------ Data for analysis
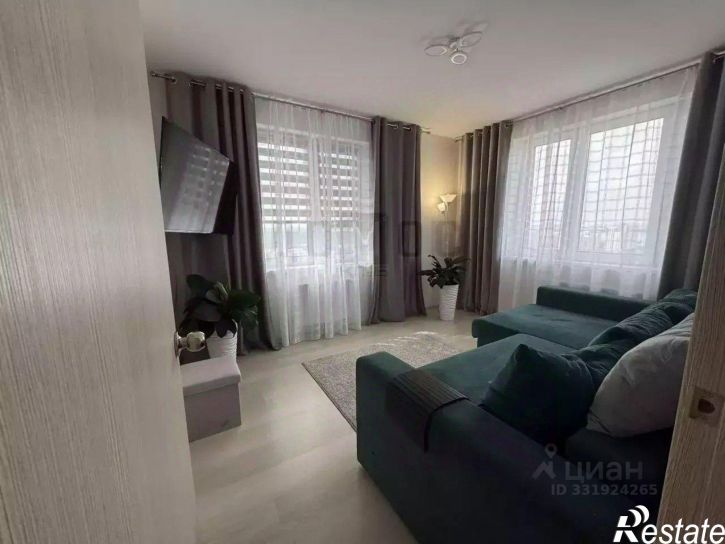 3-комн квартира ул Лоцмановых, 98б,  д. 98б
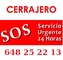 Cerrajero Asturias 648 25 22 13 - Foto 4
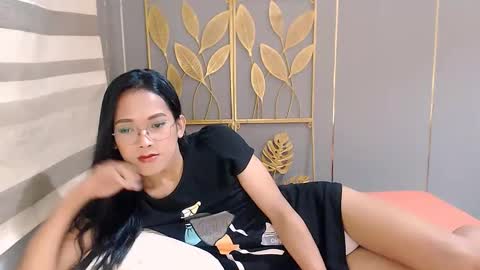 Zab online show from February 2, 2025, 4:00 pm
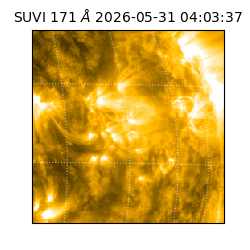 suvi - 2026-05-31T04:03:37.095000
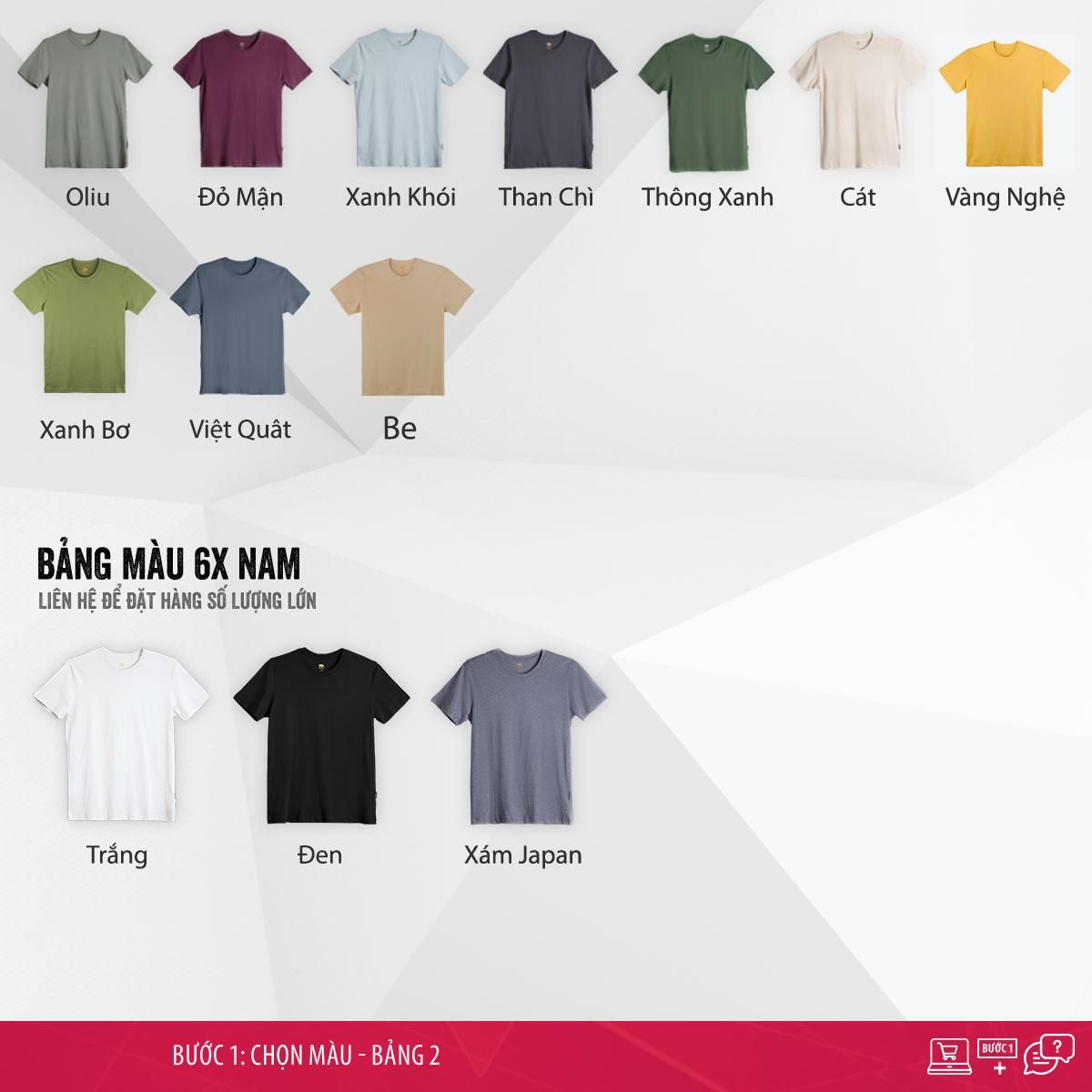 NỮ RÊU ĐẬM CỔ TRÒN - ÁO THUN THOÁT NHIỆT NHẬT BẢN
------------
▸ The problem
From the line containing "Cerrajero Asturias 648 25 22 13 - Foto 4" down to the last line of the entries above, copy each line exactly and nothing more. Leave pictures out.

▸ Answer to the exercise
 Cerrajero Asturias 648 25 22 13 - Foto 4
 Zab online show from February 2, 2025, 4:00 pm
 suvi - 2026-05-31T04:03:37.095000
 NỮ RÊU ĐẬM CỔ TRÒN - ÁO THUN THOÁT NHIỆT NHẬT BẢN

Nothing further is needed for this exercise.